EXERCISE: The reply needs the lines from the one containing "istock Father and" through the end of the material, each repeated exactly, and no pictures.

INFORMATION SHOWN:

......

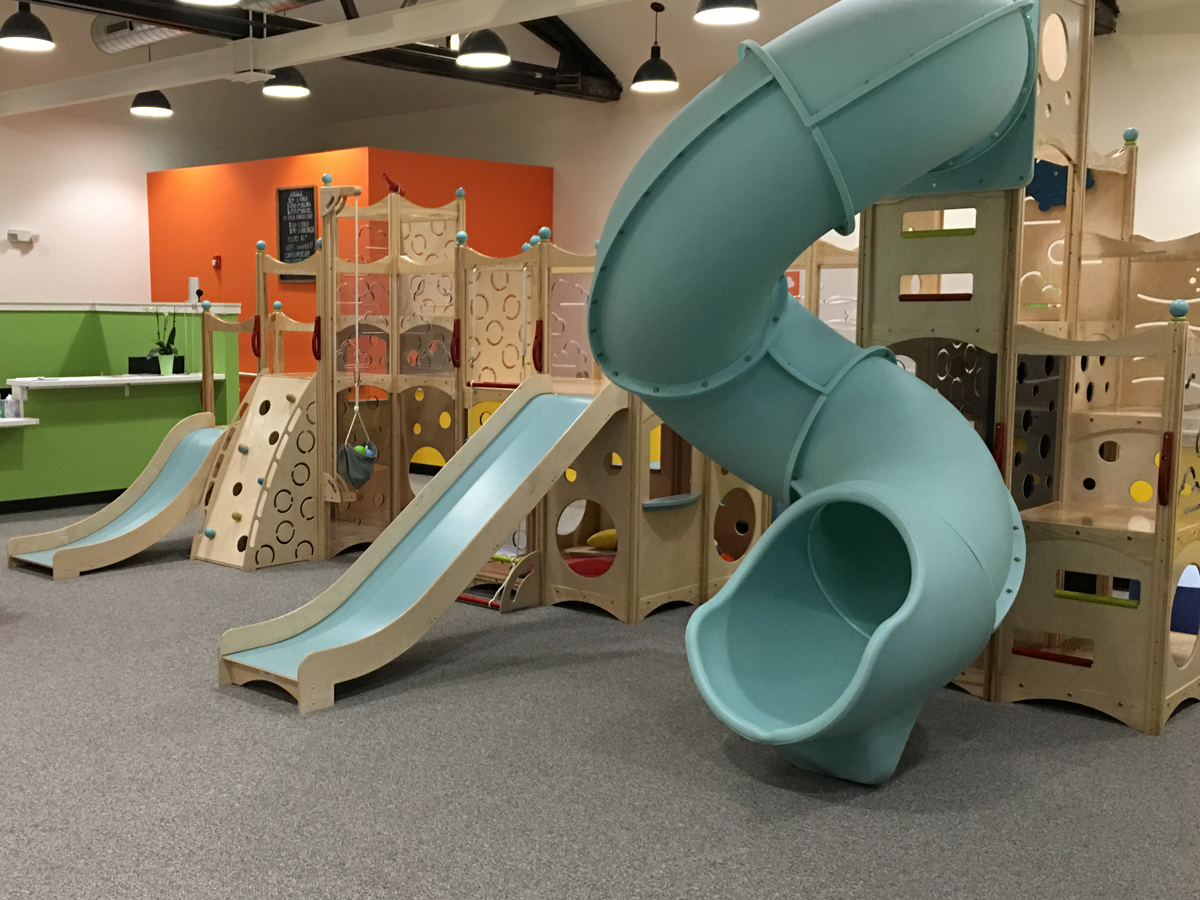Play structure with fall rated carpeting. The carpet is gray in color, and there are three blue slides on the play equipment.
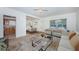 Open-concept living room with seamless connection to the dining area at 7051 Dartmouth N Ave, St Petersburg, FL 33710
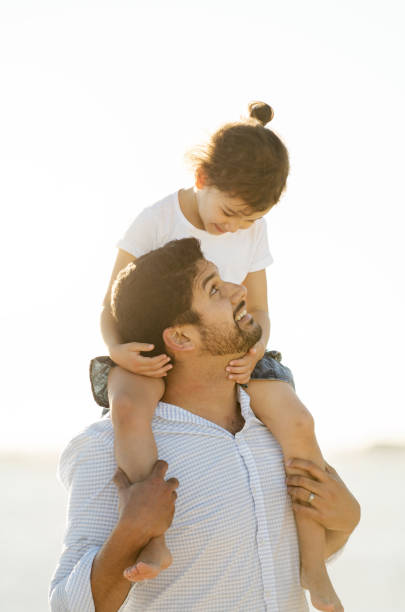 istock Father and daughter spending time together outside in the sun 913729200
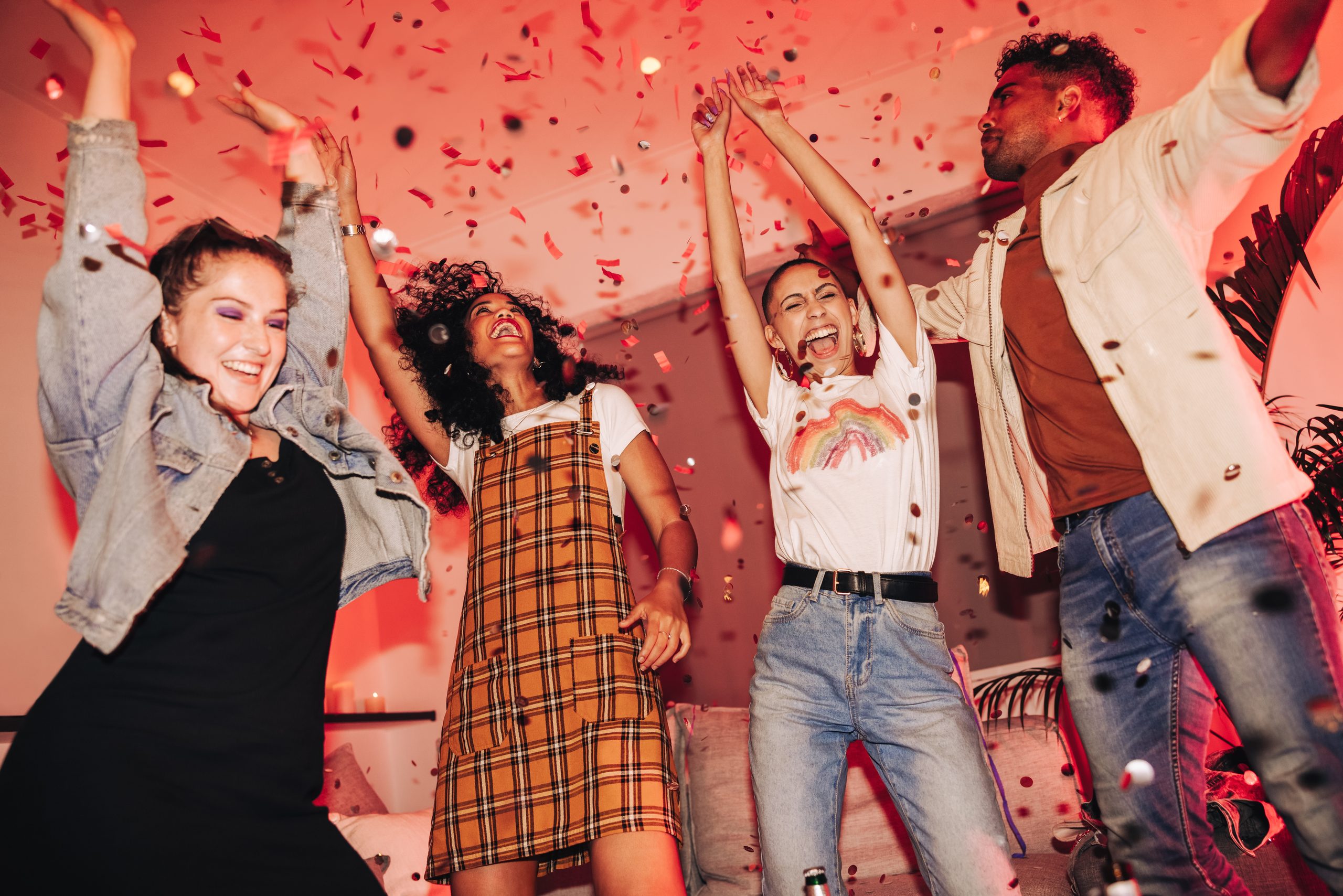 Friends outdoors with their arms raised as confetti falls around them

......

TASK RESULT:
 istock Father and daughter spending time together outside in the sun 913729200
 Friends outdoors with their arms raised as confetti falls around them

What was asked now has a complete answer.